Adama et Mamadou sont deux jeunes des banlieues parisiennes. Adama est un garçon de quatorze ans intelligent mais que le collège ne passionne guère et qui a du mal à se faire à la récente séparation de ses parents. Il se retrouve à vivre dans un tout petit appartement avec sa mère, joignant difficilement les deux bouts. Alors bien sûr, le jour où la possibilité de se faire de l'argent facilement pointe le bout de son nez, les deux garçons n'hésitent pas et se lancent...




Si en apparence le sujet semble plutôt classique, vu et revu, j'ai beaucoup aimé la façon dont il était abordé. Balamine Guirassy et Ali Bidanessy, les deux jeunes acteurs au cœur du film, sont à la fois très drôles et touchants. Je les ai trouvé très justes dans leur rôle. On suit l'histoire avec amusement, on ne peut s'empêcher de rire bien souvent devant la spontanéité des deux enfants et leur naïveté à toute épreuve qui éclatent au grand jour à coups de répliques percutantes et franchement bien trouvées. 
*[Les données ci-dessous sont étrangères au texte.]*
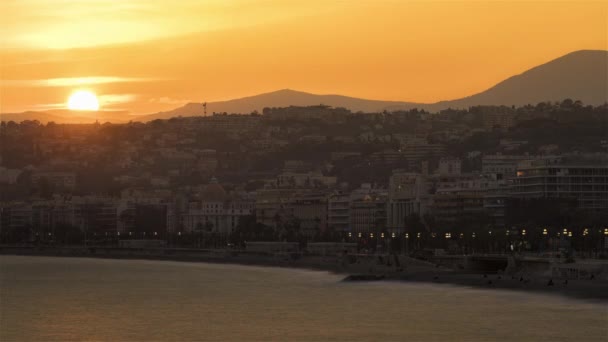 Nice, France, Timelapse - The city of Nice and its iconic Promenade des Anglais from day to night — ストック動画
Pourtant, tout n'est pas toujours drôle mais la gravité des problèmes soulevés garde une facette d'innocence qui fait de la Vie en grand un film léger, loin du drame dans lequel le réalisateur aurait pu tomber et, finalement, peu moralisateur comme il aurait été si facile de le faire. On évite également les clichés trop flagrants et, pour une fois, j'ai beaucoup aimé la place donnée à l'école, notamment à travers le prof de sport d'Adama, interprété par Guillaume Gouix, dont le rôle, bien que discret, est décisif dans l'avenir du garçon.

La vie en grand est une bonne surprise, un film qui donne le sourire, nous fait rire quand on s'y attend le moins (ou à peine !) et a le mérité de se délester de toutes les facilités qui auraient pu le rendre, du coup, bien moins intéressant. Si la plus grande partie des films que j'ai l'intention de voir au court du festival sont du même acabit, la semaine promet d'être sympathique !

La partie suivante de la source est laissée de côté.